Они спустили по каткам карбас и закрепили на якорь, и мы поднялись к избушке, где стояли две койки, на печке висели сушеные бычки для собаки и на поставце для икон стояла нездешне яркая консервная банка.

Дед принес семгу, разрезанную кусками, и сказал, что она двудневно солена. Семга была нежно-розова и крепко пахла сырой рыбой.

Мы опять пошли к морю, и старик стал ставить парус, а мальчик носил в карбас тюки с сушеной фиолетовой водорослью, потом парус надулся, рядом со мной на тюках притихла черная собака, мы плыли, и иногда дед греб одной рукой.

Мы приставали к берегу, забирали оставленные тюки и плыли дальше, в Лопшеньгу.

Собака заскулила. На берегу стояла брошенная изба с высоким деревянным крестом перед дверью и пустыми окнами.

Захрустел песок. Они вышли, зашлепали в высоких сапогах, подтянули карбас и пошли за турой.

Покачивало.

«...», — закричал дед.

«...», — отозвался мальчик.

Берег быстро отдалялся.

Старик, не бросая ношу, бегал вдоль воды, мальчик вбежал в воду и остановился.

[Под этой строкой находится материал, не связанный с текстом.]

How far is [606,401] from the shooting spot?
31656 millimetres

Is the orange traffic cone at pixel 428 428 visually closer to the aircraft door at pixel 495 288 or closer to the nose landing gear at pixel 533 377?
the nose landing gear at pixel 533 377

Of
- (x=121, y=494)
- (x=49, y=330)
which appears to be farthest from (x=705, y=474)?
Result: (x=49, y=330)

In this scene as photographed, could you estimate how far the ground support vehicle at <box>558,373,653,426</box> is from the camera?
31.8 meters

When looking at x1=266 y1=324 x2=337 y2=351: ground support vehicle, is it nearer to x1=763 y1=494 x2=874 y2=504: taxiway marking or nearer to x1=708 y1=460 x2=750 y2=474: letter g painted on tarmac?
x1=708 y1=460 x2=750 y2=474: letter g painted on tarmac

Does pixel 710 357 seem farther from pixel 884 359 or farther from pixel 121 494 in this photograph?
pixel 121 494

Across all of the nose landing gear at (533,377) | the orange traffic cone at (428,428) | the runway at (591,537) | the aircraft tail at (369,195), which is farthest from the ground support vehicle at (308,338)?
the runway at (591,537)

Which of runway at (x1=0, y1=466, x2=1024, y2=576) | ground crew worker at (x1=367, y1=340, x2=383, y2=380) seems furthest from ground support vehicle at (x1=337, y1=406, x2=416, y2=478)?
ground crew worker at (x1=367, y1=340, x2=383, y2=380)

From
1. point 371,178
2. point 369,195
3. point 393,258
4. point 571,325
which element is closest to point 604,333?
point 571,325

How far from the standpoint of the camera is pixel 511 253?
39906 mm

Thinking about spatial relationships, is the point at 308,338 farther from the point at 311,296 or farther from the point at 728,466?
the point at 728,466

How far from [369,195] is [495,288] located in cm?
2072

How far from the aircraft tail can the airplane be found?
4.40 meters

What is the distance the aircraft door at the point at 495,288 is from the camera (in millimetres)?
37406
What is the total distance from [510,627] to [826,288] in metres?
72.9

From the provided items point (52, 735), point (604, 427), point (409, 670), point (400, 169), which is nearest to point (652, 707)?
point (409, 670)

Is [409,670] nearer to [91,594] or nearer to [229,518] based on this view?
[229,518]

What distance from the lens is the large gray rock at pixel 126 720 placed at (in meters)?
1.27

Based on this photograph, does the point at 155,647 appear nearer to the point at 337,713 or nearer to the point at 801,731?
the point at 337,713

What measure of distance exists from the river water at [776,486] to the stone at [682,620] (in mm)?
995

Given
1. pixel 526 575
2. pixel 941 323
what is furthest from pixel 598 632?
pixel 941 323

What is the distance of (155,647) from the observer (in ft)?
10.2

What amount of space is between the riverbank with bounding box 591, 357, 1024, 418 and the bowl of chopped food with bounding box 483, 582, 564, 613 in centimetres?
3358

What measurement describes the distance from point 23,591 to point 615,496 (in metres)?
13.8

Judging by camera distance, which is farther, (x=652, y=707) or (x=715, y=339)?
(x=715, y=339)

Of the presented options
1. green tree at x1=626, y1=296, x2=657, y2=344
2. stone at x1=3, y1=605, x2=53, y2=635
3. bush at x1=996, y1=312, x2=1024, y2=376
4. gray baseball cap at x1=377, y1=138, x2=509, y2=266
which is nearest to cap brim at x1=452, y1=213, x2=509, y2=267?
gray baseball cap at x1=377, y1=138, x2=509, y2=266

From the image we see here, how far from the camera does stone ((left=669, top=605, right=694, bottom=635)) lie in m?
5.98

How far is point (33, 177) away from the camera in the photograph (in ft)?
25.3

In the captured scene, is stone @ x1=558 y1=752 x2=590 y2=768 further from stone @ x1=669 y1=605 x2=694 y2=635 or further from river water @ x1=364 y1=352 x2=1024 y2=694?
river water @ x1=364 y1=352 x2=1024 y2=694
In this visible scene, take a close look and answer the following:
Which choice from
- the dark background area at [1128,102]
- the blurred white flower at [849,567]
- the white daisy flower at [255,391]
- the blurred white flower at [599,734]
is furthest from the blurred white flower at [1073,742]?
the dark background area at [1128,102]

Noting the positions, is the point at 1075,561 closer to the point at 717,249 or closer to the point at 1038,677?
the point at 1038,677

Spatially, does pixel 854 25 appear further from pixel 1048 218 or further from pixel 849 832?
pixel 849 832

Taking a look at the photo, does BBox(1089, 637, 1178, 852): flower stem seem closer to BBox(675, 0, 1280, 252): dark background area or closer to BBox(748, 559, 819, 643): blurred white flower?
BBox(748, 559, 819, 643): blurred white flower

Парус весело подрагивал. Меня несло в открытое море.

— Шкоты руби, — опомнился дед. — Кошку бросай.

Парус хлопал по лицу, долго не развязывались узлы, потом он все же приспустился, обмяк.

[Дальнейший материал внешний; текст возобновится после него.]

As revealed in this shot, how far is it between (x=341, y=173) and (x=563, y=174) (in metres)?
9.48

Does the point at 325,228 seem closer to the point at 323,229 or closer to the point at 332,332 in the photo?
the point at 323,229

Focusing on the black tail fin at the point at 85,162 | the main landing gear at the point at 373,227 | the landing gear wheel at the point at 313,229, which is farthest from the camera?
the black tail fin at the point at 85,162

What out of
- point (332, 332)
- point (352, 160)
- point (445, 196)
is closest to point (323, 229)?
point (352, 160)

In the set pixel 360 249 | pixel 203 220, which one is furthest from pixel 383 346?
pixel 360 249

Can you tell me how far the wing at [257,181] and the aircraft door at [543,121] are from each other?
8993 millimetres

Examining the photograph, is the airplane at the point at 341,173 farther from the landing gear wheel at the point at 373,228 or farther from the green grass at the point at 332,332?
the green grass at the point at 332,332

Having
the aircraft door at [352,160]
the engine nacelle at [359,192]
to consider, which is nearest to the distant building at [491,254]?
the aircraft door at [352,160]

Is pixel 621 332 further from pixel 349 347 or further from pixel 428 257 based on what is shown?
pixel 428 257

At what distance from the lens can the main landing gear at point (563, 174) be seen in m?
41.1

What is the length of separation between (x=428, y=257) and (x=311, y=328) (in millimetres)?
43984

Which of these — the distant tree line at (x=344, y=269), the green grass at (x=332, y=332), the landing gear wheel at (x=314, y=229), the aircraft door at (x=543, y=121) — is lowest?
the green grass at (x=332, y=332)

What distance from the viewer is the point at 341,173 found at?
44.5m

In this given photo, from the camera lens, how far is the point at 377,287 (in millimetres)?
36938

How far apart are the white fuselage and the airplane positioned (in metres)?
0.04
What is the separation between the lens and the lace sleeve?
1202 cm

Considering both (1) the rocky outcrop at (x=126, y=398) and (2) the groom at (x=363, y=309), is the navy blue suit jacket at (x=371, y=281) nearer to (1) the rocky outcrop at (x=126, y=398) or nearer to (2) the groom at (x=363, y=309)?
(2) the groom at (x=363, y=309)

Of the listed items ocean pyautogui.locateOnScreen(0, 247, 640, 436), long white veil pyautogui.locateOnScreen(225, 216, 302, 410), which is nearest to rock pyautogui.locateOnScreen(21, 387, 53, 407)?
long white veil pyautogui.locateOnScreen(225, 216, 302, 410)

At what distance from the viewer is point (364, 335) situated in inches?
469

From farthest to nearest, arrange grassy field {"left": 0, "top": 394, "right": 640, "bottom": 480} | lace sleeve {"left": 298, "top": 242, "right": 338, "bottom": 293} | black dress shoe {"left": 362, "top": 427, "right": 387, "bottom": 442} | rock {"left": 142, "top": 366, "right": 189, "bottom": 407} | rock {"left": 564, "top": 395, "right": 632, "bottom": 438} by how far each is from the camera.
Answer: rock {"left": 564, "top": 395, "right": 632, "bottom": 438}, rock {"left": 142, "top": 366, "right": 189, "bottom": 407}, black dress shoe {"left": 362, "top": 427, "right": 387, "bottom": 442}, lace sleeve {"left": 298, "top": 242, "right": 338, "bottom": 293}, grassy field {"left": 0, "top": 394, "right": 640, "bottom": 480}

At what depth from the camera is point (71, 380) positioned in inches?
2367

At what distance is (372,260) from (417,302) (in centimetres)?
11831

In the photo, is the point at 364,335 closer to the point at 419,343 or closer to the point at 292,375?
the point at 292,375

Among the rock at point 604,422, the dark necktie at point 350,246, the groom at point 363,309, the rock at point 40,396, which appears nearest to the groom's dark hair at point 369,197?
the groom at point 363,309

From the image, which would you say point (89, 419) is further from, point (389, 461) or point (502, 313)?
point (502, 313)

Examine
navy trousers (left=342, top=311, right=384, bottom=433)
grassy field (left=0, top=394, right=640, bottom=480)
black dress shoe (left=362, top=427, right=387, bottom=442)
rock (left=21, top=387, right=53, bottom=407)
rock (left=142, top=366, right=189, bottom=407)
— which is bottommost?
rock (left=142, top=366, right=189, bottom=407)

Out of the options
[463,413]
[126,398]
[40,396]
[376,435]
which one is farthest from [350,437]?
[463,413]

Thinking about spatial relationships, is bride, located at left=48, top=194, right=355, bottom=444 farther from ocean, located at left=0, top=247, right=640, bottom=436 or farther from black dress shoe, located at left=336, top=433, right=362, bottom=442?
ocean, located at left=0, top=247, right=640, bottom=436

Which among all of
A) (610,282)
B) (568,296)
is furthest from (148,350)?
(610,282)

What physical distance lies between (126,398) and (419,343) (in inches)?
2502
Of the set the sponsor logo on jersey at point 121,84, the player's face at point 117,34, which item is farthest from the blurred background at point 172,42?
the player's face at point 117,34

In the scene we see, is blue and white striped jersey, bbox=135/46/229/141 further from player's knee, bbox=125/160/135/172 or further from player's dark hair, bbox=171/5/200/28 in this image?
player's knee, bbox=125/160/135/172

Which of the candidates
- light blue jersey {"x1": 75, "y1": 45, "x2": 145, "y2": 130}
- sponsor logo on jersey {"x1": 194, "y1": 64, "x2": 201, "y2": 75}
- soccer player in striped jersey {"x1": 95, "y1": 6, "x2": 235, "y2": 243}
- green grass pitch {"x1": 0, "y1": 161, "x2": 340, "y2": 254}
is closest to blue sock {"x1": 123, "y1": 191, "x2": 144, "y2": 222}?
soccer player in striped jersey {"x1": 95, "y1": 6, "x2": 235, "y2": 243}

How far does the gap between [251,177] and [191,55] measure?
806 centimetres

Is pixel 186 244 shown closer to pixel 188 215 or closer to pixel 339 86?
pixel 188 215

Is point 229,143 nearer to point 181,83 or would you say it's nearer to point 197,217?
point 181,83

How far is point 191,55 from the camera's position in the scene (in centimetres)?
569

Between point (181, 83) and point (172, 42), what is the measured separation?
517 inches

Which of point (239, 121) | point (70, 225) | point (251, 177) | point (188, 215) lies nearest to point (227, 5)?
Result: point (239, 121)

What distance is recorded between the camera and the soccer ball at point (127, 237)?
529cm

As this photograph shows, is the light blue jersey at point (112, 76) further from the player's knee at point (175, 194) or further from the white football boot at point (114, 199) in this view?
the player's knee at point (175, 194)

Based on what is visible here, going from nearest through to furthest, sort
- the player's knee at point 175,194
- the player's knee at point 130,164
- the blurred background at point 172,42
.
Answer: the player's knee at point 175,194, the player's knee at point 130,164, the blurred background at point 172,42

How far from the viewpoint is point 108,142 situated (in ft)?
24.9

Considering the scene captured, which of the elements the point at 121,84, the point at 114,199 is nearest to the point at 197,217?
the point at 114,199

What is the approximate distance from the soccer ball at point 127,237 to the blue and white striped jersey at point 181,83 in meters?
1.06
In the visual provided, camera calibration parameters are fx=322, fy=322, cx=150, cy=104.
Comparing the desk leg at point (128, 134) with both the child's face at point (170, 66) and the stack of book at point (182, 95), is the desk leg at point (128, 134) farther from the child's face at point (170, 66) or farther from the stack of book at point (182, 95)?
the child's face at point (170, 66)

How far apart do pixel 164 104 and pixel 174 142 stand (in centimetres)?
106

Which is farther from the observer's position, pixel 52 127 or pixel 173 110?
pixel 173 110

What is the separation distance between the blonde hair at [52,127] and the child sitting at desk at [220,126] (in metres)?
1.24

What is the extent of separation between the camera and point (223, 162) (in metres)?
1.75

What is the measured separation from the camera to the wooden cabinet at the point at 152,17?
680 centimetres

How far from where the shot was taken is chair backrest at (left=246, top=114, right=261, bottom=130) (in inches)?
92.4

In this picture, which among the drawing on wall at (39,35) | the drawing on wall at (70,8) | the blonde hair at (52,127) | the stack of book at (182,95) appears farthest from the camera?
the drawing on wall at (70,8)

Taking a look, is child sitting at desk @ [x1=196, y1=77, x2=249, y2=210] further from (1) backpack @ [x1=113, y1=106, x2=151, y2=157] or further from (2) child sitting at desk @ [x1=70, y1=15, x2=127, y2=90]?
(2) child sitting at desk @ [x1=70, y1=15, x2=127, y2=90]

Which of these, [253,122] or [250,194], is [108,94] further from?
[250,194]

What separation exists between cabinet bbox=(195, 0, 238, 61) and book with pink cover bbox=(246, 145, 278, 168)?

Пока шарила по дну карбаса, бросала тяжелую кошку, увидала весла. Я забыла про них, а старик испугался, думал, грести не умею.

Стала грести, разматывалась веревка кошки.

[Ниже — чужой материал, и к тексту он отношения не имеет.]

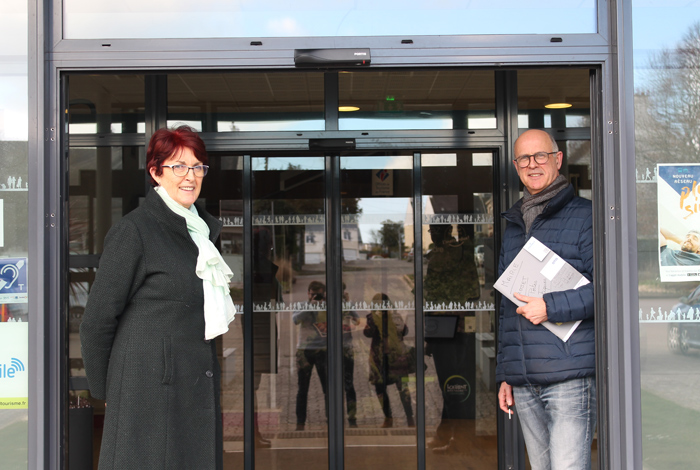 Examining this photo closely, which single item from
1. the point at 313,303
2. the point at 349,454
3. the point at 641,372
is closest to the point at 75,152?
the point at 313,303

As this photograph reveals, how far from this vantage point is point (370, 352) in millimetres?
4750

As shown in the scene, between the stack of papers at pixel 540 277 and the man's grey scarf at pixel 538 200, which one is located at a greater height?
the man's grey scarf at pixel 538 200

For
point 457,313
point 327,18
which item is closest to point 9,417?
point 327,18

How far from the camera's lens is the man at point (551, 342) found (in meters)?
2.32

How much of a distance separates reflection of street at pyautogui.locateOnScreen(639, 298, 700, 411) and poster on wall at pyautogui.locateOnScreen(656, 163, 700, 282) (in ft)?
0.43

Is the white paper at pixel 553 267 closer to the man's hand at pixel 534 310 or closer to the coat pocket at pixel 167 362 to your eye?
the man's hand at pixel 534 310

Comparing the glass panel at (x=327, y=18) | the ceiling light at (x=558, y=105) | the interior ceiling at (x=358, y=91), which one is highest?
the interior ceiling at (x=358, y=91)

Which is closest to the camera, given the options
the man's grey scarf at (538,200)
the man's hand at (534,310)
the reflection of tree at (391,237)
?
the man's hand at (534,310)

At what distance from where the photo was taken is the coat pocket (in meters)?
2.07

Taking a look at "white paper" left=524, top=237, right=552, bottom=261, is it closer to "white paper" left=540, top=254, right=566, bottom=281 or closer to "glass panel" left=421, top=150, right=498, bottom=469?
"white paper" left=540, top=254, right=566, bottom=281

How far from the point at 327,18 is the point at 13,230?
55.9 inches

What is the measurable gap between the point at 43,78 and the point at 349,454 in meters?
3.44

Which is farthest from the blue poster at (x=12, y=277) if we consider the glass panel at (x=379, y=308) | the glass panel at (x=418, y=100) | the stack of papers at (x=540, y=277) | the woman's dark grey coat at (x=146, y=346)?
the glass panel at (x=379, y=308)

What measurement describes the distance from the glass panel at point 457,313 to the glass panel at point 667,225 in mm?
2170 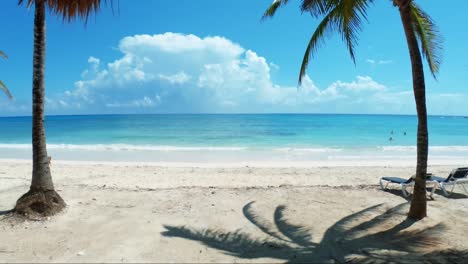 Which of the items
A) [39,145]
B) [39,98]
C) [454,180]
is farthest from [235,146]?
[39,98]

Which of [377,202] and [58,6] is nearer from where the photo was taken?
[58,6]

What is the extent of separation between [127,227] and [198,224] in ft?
3.85

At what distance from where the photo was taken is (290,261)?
13.0 ft

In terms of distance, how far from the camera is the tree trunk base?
17.7 feet

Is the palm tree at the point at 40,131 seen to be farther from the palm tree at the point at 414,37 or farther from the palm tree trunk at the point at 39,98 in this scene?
the palm tree at the point at 414,37

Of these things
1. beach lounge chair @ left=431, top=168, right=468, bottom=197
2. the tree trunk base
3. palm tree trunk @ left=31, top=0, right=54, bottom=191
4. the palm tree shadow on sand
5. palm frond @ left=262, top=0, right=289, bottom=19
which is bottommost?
the palm tree shadow on sand

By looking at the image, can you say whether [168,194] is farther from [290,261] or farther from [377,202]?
[377,202]

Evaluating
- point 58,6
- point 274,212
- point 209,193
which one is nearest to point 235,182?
point 209,193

«Ну-ну, — говорил дед, когда они снова сидели в карбасе. — Гребь-ка ты. У меня руку-то, глень, как выгрызло. Пылко ветер тенет, а погоды нет».

А когда я вернулась в Лопшеньгу, хозяйка спросила: «Чьи парни лучше, лопшеньские или яреньские?»

И я сказала, что, конечно, лопшеньские.


В декабре на Белом море светает поздно, утро редко превратится в ясный день, а чаще так и кончается, и не заметно, как рассвет переходит в сумерки, в третьем часу дня ярче белеет снег, звонче поскрипывет под валенком — наступает морозная ночь.

Я снова в Лопшеньге. В то утро рыбаки, как всегда, собирались на губу.

— Наважки домой привезешь, — наставляла меня хозяйка, — небось не видала, как ловят. Ердани посмотришь, какие на губы пролублены. Как нёрши трясут, увидишь. Со всего Летнего берега наважка к нам в Унскую губу собирается.

— Почему?

— А она икру метать идет на мелководье.

Ехали обозом, вначале лесом, потом спустились на лед. Низкое солнце напоминало о морозе, закатно обдавало блестящие на сломе ропаки.

— Не озябла? — оборачивался возница, рыбак из Лопшеньги Николай. — Пойди согрейся!

Тогда я разгребала сено, вылезала из саней и бежала следом посередине, там, где жестко протоптано копытами, или по мягкой санной колее.

Показались первые проруби, занесенные снегом и означенные засохшими елками. Скоро обоз рассыпался.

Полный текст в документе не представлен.